Orthochromatic Film & The Powder Blues BandTuesday, December 17, 2019
|Tom Lavin circa 1981|
Most of the photography magazines these days feature wildlife pictures, pristine lakes that reflect dramatic skies and mountains or natives in doorways in Mexico or Afghanistan. Perhaps the reason for this is that modern digital cameras are designed for photographers who like to shoot on automatic. Shots of the above if taken RAW are fixable if there are exposure mistakes.
The ideas of filters (on camera lens) not in a phone or camera program, is all but forgotten. This for me makes it astounding to find out that the venerable film company, Ilford is coming out with orthochromatic film.
Most of b+w film that is stil available these days is called panchromatic. This means that the film is sensitive to the colours of our spectrum (in whites, blacks and grays). But by now we should know that film (colour or b+w) video and digital sensors are more sensitive in the ultraviolet side of the spectrum and less sensitive to what our human eyes notice first, which are the colours on the yellow, orange and red side of the spectrum. We notice these colours more and that explain why fire engines are red (I have been told that in Surrey they are green). This non-human sensitivity to UV is why many cameras have built-in UV filters and the reason why photographers of my ilk used to use skylight filters.
The one film that was the exception to the above was Kodak B+W Infrared Film and their Extended Red Sensitivity Technical Pan (both, alas! discontinued) which had sensitivity beyond our human red.
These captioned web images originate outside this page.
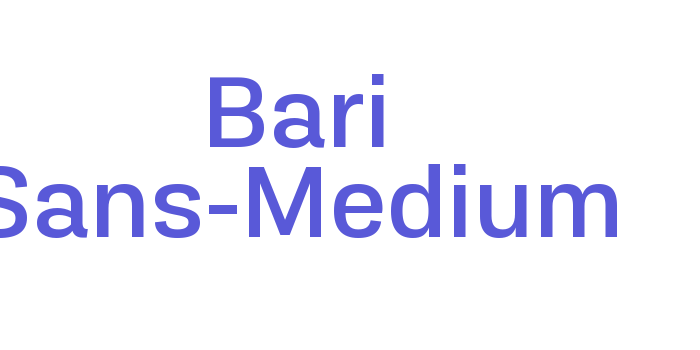 Bari Sans-Medium Font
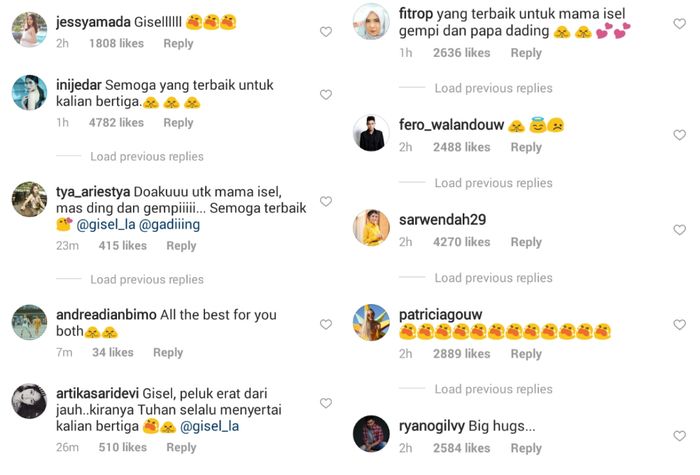 Gisella Anastasia Gugat Cerai Gading Marten, Berikut 10 Artis yang Beri Semangat untuk Keduanya
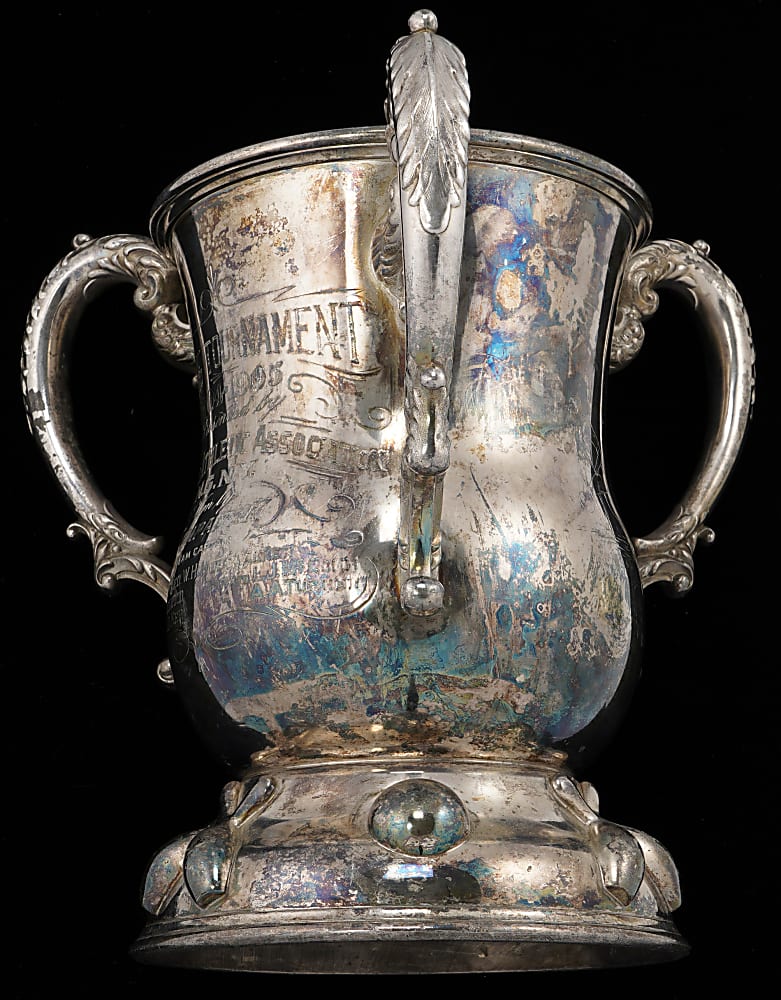 1904-1905 New York 47th Regiment Athletic Association Ornate Bowling Trophy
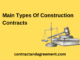 Main Types Of Construction Contracts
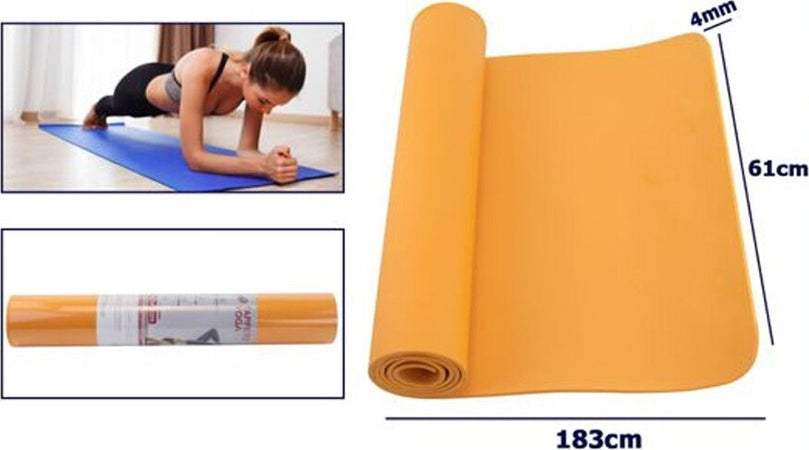 Tappetino Yoga In Eva 61x183x0.4 Cm Tappeto Aerobica Fitness Pilates Palestra Sport e tempo libero/Fitness e palestra/Yoga/Tappetini Trade Shop italia - Napoli, Commerciovirtuoso.it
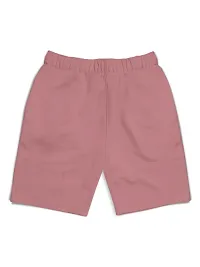 Fabulous Pink Cotton Blend Printed Regular Shorts For Girls-thumb1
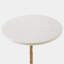 Lily Pad Marble End Table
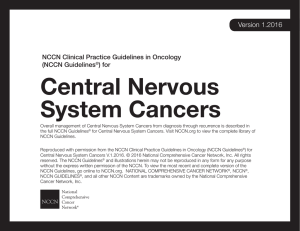 Central Nervous System Cancers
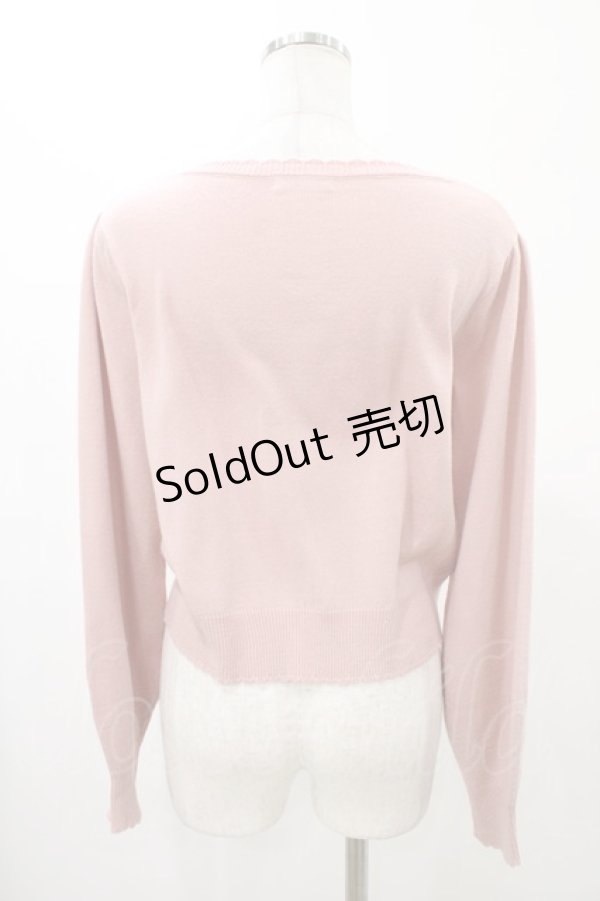 画像2: Amavel / ハートボタンカーディガン Free ピンク H-26-01-29-048-CA-TO-NS-ZH (2)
These films which had a red sensitivity made the colours red, orange and yellow lighter. They eliminated freckles and made redheads blondes. Because blue skies feature a color (blue) on the opposite side of the spectrum, these skies were rendered dark. Slipping a red filter on his movie cameras is what John Ford did to make white puffy clouds in jet black skies.
The 1931 film with Frederick March, Dr. Jekyll and Mr. Hyde was obviously shot before the special effects revolution of the late 20th century. In order to transform March from normal to horrific they played with makeup and used orthochromatic film. This film had sensitivity to blues and greens and rendered the reds, oranges and yellows very dark. Thus Hyde is rendered monstrous when filmed with orthochromatic movie film.
In my time as a magazine photographer orthochromatic film was no longer available except at Kodalith which was used to make high contrast positives and negatives. When I photographed interesting older men I would slip a deep green filter when using b+w film. My resulting exposures maximized “manly” blemishes and resulted in portraits that had that extra “manly” character. No photographer would have dared use those green filters to photograph women.
I wonder then why Ilford is launching orthochromatic film which will render blue skies lighter and the same for green vegetation?
The photographs you see here I may have taken around 1981 of Tom Lavin and his Powder Blues Band. I know for sure that for Lavin’s portrait I used a deep green filter. The green filter was one of Karsh’s tricks.
I understand that the Powder Blues Band will be performing in 2020. It would be interesting to reprise Mr. Lavin either with b+w film and a deep green filter or to try Ilford's new film.